と、頭を抱えて自問自答しそうになったので、最後の方は音楽の神様にお礼を言っていることにして自分を無理矢理に納得させた。

ライブ中、僕はガランとした客席を眺めながら、現実の二文字と、普段絶対に聴こえるはずのないライブハウスの換気扇の音が意外と大きいという事を知った。
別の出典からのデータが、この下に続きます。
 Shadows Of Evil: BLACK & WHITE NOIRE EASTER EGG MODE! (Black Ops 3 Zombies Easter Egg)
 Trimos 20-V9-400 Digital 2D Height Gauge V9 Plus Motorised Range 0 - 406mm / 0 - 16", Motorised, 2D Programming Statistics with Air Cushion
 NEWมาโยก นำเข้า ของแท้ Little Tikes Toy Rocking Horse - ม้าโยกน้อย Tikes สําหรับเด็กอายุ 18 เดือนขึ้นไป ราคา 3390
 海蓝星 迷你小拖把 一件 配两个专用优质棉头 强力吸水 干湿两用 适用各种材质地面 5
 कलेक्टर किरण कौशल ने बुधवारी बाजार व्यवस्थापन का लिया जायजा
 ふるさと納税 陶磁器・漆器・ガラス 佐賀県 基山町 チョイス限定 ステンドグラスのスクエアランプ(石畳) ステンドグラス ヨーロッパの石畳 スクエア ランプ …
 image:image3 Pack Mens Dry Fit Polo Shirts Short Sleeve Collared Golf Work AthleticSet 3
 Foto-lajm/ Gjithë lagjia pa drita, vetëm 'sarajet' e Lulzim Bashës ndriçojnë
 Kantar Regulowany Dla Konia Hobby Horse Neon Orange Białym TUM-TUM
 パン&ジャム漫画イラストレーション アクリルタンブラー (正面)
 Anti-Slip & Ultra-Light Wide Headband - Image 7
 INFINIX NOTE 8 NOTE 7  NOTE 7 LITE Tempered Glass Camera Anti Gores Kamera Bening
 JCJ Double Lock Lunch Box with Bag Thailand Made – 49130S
出来れば知りたくなかったんだけど。

その日の出演が全部終わり、ライブハウスの事務所でチケット清算をしているとブッキングマネージャー(ライブを企画する人ね)から

「作詞作曲は誰がやってんの?」

と聞かれた。

僕は「あれ?この人、本番前まで敬語じゃなかったっけ?」と思いながらも、おずおずと手を挙げ

「あ、一応、自分っす……」

と答えた。

「ふぅん……まっ、悪くはないんだけどねぇ……」

と一言だけ言って「お疲れさん」と明細書を我々に突き出した。


ライブハウスを出た瞬間、ドラム担当のメンバーが裏口付近に停めてあった自転車を蹴り飛ばしながら、
「偉そうに言いやがってあの野郎」
と毒づく。
「やめとけよ、あの人のだったらどうすんだよ」
と諫めても、「是非そうであってほしいっすね」と吐き捨てるように言うだけで倒れた自転車を睨みつけていた。

僕たちはそれから無言で駅に向かい、それぞれの路線のホームに向かうために別れたのだが、どうしても一人になりたくなかった僕は、帰る方向が同じだったギター担当のメンバーに

「お願いだから、朝まで一緒に居て。じゃないと死んじゃうから」

とメンヘラ彼女のようにしつこく食い下がり、お互いの家のほぼ中間地点にある居酒屋で安酒を呷ることになった。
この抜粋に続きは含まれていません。